Extracted data
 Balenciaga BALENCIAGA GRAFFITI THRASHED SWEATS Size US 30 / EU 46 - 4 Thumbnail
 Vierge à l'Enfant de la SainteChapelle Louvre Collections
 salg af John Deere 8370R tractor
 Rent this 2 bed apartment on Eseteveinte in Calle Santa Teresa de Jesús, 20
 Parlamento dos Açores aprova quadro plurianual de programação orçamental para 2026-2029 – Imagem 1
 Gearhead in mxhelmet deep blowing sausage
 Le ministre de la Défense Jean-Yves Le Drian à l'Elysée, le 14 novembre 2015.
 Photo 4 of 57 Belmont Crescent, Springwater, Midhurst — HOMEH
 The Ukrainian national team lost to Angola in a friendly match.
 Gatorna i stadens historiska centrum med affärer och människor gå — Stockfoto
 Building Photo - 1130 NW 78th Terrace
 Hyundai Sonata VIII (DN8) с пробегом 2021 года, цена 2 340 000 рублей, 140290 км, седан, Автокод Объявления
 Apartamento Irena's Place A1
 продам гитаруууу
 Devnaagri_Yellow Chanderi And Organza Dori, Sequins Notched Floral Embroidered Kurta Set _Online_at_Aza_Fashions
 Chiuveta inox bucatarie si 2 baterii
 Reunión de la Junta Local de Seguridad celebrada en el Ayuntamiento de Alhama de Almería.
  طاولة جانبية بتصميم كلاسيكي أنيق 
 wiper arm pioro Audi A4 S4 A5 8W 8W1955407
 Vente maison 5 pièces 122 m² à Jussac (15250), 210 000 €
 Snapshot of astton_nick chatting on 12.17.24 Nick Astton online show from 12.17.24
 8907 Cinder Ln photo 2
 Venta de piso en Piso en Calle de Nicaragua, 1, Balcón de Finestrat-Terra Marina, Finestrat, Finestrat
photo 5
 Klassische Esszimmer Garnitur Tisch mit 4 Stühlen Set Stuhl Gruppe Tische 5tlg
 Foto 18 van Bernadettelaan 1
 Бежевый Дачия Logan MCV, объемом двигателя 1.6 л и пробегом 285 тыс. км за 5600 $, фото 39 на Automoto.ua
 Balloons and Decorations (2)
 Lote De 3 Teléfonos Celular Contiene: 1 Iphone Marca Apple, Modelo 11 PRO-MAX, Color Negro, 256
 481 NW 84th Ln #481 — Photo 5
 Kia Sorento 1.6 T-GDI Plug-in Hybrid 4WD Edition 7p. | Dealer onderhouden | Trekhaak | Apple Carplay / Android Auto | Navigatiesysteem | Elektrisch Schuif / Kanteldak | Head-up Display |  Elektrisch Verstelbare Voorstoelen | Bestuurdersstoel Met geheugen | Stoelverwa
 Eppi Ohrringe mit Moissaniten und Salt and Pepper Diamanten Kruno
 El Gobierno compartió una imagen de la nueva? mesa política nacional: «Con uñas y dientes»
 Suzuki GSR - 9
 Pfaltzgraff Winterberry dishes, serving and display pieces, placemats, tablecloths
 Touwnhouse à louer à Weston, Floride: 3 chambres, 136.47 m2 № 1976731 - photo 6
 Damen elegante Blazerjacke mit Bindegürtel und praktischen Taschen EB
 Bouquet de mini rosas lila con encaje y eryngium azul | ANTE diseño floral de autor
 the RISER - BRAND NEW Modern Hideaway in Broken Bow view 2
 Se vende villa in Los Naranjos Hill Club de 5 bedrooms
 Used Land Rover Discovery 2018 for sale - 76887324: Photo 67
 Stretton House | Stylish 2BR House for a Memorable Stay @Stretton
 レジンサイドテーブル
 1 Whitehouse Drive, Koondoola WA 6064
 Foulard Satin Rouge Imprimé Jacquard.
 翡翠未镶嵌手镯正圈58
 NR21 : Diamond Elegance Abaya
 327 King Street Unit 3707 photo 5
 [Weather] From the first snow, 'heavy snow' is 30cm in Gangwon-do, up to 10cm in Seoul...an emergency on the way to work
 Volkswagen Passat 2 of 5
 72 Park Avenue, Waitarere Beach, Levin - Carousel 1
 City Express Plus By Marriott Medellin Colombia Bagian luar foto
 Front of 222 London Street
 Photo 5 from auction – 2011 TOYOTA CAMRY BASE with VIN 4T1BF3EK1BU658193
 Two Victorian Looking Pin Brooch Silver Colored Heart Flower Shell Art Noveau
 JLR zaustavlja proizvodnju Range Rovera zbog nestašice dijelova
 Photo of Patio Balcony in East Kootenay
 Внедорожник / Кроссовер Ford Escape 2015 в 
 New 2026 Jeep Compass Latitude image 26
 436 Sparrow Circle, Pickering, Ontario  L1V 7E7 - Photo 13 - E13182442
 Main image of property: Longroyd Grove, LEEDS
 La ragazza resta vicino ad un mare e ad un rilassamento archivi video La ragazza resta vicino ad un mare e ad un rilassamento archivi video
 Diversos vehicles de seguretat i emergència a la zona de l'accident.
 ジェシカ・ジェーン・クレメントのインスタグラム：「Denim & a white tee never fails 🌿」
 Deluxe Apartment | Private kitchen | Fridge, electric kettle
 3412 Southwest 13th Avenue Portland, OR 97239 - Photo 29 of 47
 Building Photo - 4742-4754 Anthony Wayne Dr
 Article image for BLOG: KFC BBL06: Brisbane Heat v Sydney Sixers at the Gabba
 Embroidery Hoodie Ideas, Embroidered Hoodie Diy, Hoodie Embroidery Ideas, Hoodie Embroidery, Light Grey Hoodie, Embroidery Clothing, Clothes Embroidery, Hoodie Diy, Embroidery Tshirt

Action item
Retype only the lines above between the line with "Pfaltzgraff Winterberry dishes, serving" and the line with "Photo 5 from", counting those two lines as well, and keep every character as it is.

Answer box
 Pfaltzgraff Winterberry dishes, serving and display pieces, placemats, tablecloths
 Touwnhouse à louer à Weston, Floride: 3 chambres, 136.47 m2 № 1976731 - photo 6
 Damen elegante Blazerjacke mit Bindegürtel und praktischen Taschen EB
 Bouquet de mini rosas lila con encaje y eryngium azul | ANTE diseño floral de autor
 the RISER - BRAND NEW Modern Hideaway in Broken Bow view 2
 Se vende villa in Los Naranjos Hill Club de 5 bedrooms
 Used Land Rover Discovery 2018 for sale - 76887324: Photo 67
 Stretton House | Stylish 2BR House for a Memorable Stay @Stretton
 レジンサイドテーブル
 1 Whitehouse Drive, Koondoola WA 6064
 Foulard Satin Rouge Imprimé Jacquard.
 翡翠未镶嵌手镯正圈58
 NR21 : Diamond Elegance Abaya
 327 King Street Unit 3707 photo 5
 [Weather] From the first snow, 'heavy snow' is 30cm in Gangwon-do, up to 10cm in Seoul...an emergency on the way to work
 Volkswagen Passat 2 of 5
 72 Park Avenue, Waitarere Beach, Levin - Carousel 1
 City Express Plus By Marriott Medellin Colombia Bagian luar foto
 Front of 222 London Street
 Photo 5 from auction – 2011 TOYOTA CAMRY BASE with VIN 4T1BF3EK1BU658193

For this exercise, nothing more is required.